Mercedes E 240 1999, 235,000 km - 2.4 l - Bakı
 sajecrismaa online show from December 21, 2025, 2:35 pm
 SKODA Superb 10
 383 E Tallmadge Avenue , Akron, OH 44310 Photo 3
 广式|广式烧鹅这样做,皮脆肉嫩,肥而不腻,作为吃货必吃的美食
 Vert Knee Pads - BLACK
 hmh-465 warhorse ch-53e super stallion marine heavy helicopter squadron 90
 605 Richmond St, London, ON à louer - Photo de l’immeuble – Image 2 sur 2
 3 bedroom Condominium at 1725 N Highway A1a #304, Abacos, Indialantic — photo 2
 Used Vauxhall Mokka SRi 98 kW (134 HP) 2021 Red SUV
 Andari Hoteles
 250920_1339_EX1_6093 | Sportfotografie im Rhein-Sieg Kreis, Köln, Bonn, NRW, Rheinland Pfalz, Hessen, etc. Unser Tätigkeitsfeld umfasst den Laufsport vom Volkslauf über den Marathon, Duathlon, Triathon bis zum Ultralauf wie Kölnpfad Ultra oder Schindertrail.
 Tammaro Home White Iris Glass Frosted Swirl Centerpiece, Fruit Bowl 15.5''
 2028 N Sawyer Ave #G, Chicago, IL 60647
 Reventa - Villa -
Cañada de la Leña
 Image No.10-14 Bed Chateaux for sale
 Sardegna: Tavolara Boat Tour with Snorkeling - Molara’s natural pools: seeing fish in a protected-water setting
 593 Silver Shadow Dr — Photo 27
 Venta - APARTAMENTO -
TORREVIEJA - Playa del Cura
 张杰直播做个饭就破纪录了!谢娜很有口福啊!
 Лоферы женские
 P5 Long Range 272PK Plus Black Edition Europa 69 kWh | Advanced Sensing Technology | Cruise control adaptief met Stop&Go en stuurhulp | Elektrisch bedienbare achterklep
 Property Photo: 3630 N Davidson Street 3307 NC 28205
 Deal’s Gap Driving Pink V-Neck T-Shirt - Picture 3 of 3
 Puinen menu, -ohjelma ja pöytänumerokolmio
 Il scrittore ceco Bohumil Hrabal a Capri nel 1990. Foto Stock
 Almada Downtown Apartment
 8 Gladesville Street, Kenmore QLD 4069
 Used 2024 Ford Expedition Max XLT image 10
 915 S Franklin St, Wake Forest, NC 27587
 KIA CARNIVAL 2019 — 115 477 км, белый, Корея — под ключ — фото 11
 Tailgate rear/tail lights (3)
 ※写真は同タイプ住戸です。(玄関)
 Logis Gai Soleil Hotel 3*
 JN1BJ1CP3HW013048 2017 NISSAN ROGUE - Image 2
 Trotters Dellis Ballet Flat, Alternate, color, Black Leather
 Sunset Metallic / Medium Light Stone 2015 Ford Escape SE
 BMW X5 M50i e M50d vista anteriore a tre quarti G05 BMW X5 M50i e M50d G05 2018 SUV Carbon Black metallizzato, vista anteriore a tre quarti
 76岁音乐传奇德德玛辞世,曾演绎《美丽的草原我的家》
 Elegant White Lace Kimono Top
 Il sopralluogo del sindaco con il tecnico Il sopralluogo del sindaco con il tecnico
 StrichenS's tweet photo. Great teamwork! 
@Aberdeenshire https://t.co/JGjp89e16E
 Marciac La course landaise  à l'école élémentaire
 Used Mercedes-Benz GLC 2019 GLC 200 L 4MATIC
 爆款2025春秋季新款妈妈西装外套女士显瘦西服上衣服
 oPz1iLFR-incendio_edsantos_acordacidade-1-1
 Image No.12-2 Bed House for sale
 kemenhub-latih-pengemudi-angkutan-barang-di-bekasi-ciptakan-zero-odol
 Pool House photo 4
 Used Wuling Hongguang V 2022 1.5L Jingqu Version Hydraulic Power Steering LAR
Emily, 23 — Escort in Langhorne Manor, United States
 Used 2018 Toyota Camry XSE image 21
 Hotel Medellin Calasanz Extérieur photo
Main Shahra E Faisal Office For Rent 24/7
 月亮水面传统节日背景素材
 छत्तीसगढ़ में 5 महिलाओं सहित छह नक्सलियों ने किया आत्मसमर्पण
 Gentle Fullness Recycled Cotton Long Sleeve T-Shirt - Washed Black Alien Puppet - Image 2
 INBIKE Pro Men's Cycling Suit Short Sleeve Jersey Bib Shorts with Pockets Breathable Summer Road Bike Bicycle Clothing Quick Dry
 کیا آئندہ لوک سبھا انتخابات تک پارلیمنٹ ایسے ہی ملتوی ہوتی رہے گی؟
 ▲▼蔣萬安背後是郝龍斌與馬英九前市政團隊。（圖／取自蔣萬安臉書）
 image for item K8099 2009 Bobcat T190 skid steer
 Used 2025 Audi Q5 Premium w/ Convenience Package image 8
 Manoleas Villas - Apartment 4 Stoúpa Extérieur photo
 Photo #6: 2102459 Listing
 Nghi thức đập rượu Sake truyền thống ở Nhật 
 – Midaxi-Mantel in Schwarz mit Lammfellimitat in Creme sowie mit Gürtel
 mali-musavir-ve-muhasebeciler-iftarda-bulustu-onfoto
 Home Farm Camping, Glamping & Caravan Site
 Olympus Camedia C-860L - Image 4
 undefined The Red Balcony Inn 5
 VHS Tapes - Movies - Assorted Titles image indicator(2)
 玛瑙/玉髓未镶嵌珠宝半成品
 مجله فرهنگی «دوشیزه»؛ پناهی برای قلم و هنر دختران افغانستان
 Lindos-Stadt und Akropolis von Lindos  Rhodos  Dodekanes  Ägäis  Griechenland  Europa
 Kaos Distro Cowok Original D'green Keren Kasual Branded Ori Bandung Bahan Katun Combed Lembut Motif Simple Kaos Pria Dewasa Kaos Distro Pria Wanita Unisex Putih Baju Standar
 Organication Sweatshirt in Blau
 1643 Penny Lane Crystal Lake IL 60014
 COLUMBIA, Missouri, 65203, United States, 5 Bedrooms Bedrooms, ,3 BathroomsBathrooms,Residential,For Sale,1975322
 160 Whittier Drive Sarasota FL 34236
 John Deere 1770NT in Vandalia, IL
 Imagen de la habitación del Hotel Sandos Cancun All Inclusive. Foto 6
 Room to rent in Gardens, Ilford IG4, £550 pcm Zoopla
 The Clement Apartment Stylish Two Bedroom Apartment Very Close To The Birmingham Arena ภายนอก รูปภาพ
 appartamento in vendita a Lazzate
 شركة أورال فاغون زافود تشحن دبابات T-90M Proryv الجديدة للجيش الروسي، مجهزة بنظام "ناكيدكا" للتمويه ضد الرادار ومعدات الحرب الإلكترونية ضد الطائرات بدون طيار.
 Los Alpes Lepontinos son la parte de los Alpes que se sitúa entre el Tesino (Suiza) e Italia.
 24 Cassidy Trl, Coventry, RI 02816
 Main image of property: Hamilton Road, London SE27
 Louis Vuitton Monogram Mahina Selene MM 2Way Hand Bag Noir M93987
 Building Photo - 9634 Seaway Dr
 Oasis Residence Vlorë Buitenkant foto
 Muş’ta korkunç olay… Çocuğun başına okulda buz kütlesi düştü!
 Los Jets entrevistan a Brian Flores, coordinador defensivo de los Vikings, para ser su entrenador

************

Look through the listing and return each line containing the word "Extérieur".

 Hotel Medellin Calasanz Extérieur photo
 Manoleas Villas - Apartment 4 Stoúpa Extérieur photo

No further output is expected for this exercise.